The Columbus Dispatch

FINES AGAINST PAST, PRESENT UNION EXECS CALLED INSUFFICIENT

September 25, 1999

A union member who wants his union's executive board expelled for allowing a felon to run for office said the fines imposed recently by a government-appointed hearing officer are too lenient.

Darrell Smoot is appealing last month's $ 800 and $ 400 fines against five current and former officers of Laborers' International Union of North America Local 423, which represents more than 1,400 central Ohio construction workers.

Controversy is nothing new to Local 423 and its 750,000 member international union.

The Laborers' union had been under government scrutiny since 1995, after a Justice Department probe uncovered corruption and racketeering. An independent hearing officer was appointed to help settle internal disputes -- ranging from election matters to charges of wrongdoing.

In December, Smoot filed charges with that hearing officer against the union's top officials after the U.S. Department of Labor determined that the local's newly elected vice president was ineligible to hold office.

Pat Murphy had been convicted of second-degree robbery in New York 14 years earlier and, under federal law, was ineligible to hold office until at least this year.

But Local 423 members elected Murphy in June 1998 to the No. 2 position at the union and also voted him a delegate to the Laborers' District Council, a body of union representatives.

In January, the labor department supervised a rerun of both races.

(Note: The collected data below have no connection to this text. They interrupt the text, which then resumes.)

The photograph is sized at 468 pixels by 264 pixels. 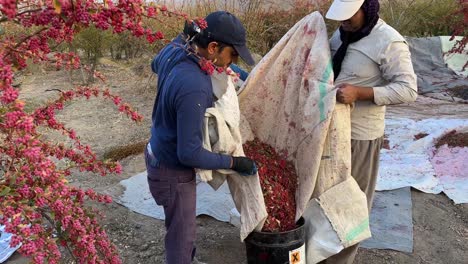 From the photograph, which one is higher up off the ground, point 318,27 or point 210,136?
point 318,27

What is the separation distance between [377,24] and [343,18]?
221 mm

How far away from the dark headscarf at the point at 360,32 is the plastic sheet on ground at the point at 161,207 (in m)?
1.51

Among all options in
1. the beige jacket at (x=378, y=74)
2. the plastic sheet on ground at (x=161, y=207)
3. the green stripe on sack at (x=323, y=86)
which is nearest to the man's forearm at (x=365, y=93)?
the beige jacket at (x=378, y=74)

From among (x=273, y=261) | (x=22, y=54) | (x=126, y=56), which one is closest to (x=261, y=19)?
(x=126, y=56)

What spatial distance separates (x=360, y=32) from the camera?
2.38 m

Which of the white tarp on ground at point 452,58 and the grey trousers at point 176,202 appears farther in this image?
the white tarp on ground at point 452,58

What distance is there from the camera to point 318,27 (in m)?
2.61

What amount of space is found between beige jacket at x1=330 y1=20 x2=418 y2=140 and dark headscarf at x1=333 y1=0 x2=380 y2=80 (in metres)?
0.02

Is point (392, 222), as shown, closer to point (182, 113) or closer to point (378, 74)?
point (378, 74)

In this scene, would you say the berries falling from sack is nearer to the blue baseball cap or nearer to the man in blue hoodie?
the man in blue hoodie

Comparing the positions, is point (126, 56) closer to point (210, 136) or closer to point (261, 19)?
point (261, 19)

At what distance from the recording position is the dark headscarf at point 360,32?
232 cm

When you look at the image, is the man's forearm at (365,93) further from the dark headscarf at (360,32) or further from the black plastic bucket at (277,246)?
the black plastic bucket at (277,246)

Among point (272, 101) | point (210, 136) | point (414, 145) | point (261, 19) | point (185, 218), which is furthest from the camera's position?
point (261, 19) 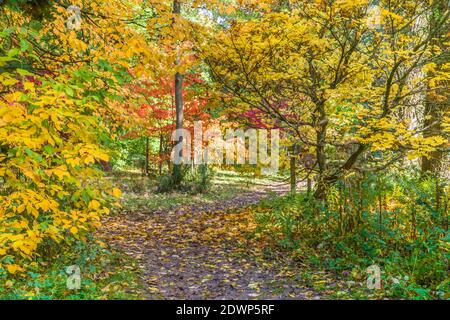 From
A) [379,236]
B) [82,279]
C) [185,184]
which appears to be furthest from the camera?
[185,184]

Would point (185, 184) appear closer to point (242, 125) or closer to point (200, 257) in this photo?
point (242, 125)

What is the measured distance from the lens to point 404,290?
432cm

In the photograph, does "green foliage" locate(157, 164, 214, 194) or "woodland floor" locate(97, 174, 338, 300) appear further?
"green foliage" locate(157, 164, 214, 194)

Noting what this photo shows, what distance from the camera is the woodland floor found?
5.02 metres

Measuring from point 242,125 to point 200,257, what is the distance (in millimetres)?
3111

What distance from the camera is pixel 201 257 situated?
6.60m

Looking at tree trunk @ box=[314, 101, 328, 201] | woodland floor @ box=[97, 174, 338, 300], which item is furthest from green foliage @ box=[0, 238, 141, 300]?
tree trunk @ box=[314, 101, 328, 201]

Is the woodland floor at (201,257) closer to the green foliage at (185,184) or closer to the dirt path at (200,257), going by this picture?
the dirt path at (200,257)

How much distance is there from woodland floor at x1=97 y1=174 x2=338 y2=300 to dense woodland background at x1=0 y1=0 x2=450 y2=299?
5 cm

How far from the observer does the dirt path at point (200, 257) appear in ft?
16.5

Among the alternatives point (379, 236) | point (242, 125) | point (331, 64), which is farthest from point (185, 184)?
point (379, 236)

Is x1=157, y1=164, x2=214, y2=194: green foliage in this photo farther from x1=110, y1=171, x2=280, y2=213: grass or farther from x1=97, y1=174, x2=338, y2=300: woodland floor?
x1=97, y1=174, x2=338, y2=300: woodland floor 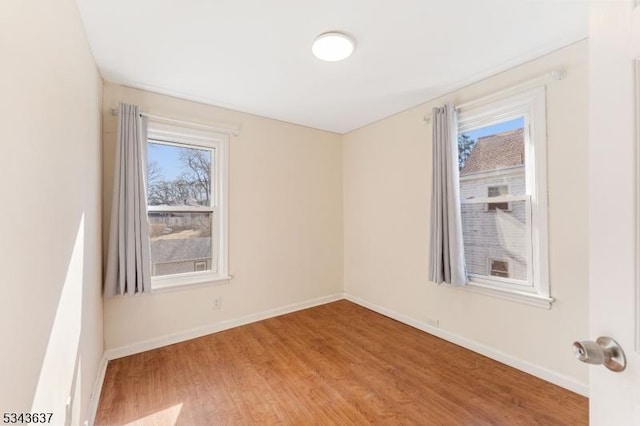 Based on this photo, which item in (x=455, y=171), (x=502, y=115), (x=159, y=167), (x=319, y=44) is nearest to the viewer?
(x=319, y=44)

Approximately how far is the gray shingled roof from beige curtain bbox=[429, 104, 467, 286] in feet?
7.80

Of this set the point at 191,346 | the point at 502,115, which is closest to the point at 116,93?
the point at 191,346

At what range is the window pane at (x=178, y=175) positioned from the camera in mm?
2811

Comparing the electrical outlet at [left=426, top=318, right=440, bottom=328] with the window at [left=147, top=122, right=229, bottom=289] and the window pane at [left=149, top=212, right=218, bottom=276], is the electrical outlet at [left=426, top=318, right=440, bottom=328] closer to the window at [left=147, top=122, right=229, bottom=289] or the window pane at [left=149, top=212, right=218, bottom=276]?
the window at [left=147, top=122, right=229, bottom=289]

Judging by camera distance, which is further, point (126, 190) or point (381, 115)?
point (381, 115)

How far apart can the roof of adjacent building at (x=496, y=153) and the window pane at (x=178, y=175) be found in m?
2.68

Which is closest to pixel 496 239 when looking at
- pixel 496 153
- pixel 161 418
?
pixel 496 153

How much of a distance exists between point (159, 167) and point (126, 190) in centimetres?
49

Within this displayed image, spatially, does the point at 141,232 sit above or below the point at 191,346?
above

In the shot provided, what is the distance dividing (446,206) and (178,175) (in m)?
2.70

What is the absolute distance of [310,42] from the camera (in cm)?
198

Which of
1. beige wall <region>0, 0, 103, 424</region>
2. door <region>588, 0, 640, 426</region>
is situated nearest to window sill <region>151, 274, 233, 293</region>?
beige wall <region>0, 0, 103, 424</region>

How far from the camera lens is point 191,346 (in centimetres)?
271

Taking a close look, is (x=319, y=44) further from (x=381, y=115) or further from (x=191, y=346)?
(x=191, y=346) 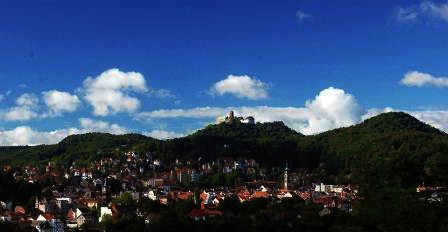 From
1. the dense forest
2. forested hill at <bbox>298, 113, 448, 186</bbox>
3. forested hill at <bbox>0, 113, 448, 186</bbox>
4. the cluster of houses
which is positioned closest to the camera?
the dense forest

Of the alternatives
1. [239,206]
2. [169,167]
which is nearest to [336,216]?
[239,206]

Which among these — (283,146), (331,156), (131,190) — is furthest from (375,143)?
(131,190)

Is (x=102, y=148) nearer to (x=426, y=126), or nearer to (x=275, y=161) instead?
(x=275, y=161)

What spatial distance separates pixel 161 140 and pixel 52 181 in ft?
102

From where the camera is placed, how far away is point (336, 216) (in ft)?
125

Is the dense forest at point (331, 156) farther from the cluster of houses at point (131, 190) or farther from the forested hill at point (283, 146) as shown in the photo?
the cluster of houses at point (131, 190)

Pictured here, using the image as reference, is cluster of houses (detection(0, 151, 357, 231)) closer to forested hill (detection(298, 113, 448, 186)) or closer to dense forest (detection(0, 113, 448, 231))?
dense forest (detection(0, 113, 448, 231))

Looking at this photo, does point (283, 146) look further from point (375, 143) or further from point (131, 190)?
point (131, 190)

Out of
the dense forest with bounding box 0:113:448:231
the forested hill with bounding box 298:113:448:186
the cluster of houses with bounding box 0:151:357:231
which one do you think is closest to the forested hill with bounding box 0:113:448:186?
the forested hill with bounding box 298:113:448:186

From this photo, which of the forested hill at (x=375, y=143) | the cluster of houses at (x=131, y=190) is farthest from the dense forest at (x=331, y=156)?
the cluster of houses at (x=131, y=190)

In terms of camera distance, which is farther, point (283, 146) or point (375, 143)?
point (283, 146)

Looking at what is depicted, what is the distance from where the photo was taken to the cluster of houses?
48406 millimetres

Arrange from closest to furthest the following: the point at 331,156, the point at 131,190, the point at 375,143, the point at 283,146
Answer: the point at 131,190, the point at 375,143, the point at 331,156, the point at 283,146

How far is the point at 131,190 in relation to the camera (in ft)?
248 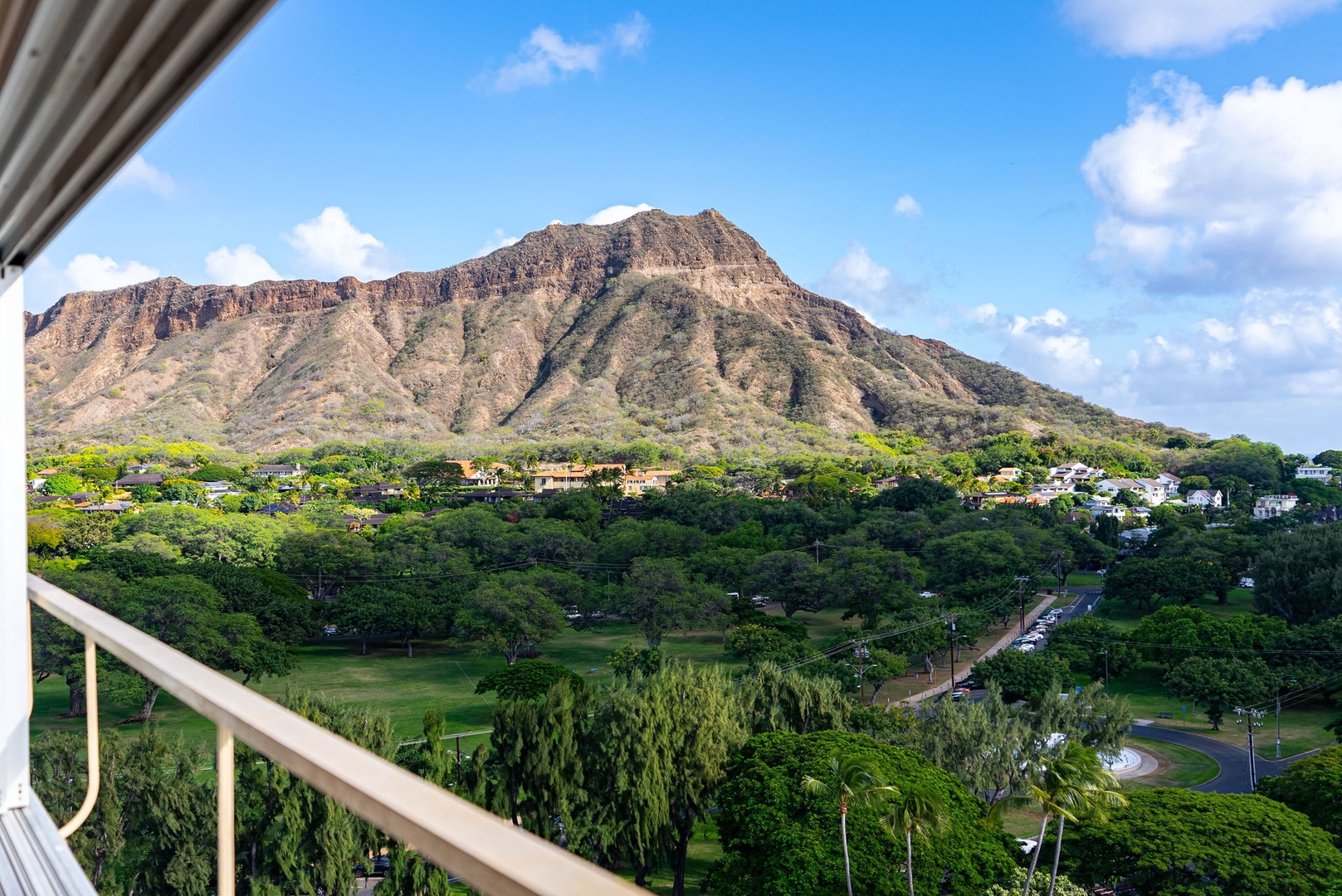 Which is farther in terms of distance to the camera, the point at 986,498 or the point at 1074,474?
the point at 1074,474

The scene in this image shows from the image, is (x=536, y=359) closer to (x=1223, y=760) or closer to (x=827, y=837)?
(x=1223, y=760)

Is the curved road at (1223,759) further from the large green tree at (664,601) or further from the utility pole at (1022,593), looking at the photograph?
the large green tree at (664,601)

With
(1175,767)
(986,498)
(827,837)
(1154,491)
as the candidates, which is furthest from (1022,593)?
(1154,491)

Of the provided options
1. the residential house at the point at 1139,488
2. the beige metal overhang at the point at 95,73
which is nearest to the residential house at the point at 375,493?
the residential house at the point at 1139,488

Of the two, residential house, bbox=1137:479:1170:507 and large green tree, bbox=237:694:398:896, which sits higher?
residential house, bbox=1137:479:1170:507

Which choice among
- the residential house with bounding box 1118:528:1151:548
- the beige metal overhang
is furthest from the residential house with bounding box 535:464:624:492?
the beige metal overhang

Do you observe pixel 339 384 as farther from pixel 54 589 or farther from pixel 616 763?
pixel 54 589

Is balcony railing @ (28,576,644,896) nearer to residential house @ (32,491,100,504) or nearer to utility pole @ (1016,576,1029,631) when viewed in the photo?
utility pole @ (1016,576,1029,631)

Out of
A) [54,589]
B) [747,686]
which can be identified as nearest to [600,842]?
[747,686] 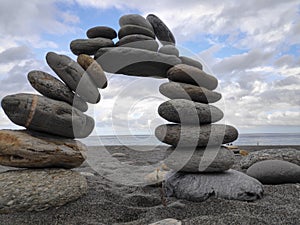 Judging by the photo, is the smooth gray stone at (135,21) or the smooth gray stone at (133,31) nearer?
the smooth gray stone at (133,31)

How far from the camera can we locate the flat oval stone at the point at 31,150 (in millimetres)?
4340

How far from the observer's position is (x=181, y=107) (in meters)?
4.91

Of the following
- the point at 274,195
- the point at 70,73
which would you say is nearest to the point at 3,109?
the point at 70,73

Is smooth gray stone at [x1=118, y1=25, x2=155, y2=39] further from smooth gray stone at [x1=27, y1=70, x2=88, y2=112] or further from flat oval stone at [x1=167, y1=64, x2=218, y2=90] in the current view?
smooth gray stone at [x1=27, y1=70, x2=88, y2=112]

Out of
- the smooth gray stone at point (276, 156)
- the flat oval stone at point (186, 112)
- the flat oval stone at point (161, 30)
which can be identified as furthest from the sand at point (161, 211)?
the flat oval stone at point (161, 30)

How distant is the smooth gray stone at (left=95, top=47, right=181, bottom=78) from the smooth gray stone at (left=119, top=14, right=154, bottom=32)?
819 mm

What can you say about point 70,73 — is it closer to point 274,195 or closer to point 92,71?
point 92,71

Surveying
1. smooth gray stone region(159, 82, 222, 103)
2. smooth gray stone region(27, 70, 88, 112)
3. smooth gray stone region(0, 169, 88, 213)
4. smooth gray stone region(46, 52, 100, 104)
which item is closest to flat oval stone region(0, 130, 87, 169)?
smooth gray stone region(0, 169, 88, 213)

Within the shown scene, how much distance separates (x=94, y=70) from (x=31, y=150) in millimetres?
1763

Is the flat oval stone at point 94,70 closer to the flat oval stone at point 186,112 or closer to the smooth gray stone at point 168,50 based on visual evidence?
the flat oval stone at point 186,112

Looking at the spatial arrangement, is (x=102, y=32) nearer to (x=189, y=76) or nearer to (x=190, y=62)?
(x=190, y=62)

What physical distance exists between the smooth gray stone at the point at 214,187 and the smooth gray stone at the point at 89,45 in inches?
121

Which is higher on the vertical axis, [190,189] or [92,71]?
[92,71]

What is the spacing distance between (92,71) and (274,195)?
392 cm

Smoot said before and during the campaign, he repeatedly told union officials about Murphy's conviction.

Murphy spent two years in prison.

Last month, the hearing officer, Peter Vaira, found that five current and former officers of Local 423 had notice about Murphy's conviction but failed to act.

He fined Murphy and Business Agent Robert McCaskill $ 800 each; three other members, including the secretary-treasurer, James Green, each were fined $ 400.

Union officials declined to comment.

Smoot said the fines were slaps on the wrists and is appealing the penalty portion of the decision. "My goal was to have them kicked out of office,'' he said.

Several of those fined also have appealed.